Notice of Pre-AIA  or AIA  Status
The present application, filed on or after March 16, 2013, is being examined under the first inventor to file provisions of the AIA .
Information Disclosure Statement
The information disclosure statements (IDS) submitted on 8/1/2019 and 9/30/2019 are being considered by the examiner.

Claim Rejections-35 USC § 102
In the event the determination of the status of the application as subject to AIA  35 U.S.C. 102 and 103 (or as subject to pre-AIA  35 U.S.C. 102 and 103) is incorrect, any correction of the statutory basis for the rejection will not be considered a new ground of rejection if the prior art relied upon, and the rationale supporting the rejection, would be the same under either status.  

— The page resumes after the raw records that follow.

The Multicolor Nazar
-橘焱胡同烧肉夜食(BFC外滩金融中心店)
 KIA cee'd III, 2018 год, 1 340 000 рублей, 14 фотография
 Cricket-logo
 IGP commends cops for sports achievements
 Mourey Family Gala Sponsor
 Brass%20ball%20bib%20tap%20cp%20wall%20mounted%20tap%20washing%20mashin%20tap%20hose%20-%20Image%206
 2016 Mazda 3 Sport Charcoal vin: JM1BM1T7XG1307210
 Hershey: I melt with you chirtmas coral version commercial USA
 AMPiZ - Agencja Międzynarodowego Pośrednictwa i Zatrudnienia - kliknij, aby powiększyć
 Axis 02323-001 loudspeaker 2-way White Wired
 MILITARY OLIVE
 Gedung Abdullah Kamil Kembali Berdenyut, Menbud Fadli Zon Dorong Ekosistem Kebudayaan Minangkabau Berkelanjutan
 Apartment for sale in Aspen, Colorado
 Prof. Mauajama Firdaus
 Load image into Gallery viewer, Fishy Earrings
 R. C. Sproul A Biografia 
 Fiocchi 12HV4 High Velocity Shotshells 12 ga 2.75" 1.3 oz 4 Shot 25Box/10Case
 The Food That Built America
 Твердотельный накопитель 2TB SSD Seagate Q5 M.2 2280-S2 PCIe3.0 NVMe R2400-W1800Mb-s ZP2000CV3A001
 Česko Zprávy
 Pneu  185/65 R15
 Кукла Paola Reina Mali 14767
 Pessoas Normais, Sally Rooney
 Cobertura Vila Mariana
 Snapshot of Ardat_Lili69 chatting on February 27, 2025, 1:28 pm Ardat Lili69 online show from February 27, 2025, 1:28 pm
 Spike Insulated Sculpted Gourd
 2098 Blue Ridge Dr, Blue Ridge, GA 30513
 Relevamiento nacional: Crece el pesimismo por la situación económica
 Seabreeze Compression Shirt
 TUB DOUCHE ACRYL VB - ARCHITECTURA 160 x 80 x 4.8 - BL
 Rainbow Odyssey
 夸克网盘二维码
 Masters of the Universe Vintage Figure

The following is a quotation of the appropriate paragraphs of 35 U.S.C. 102 that form the basis for the rejections under this section made in this Office action:
A person shall be entitled to a patent unless –
(a)(2) the claimed invention was patented, described in a printed publication, or in public use, on sale, or otherwise available to the public before the effective filing date of the claimed invention.

Claims 1-2, 4, 8-10 and 15-18 and 20 are rejected under 35 U.S.C. 102(a)(2) as being anticipated by Le Roux et al. (US-20190318725-A1) hereinafter referred to as Le Roux.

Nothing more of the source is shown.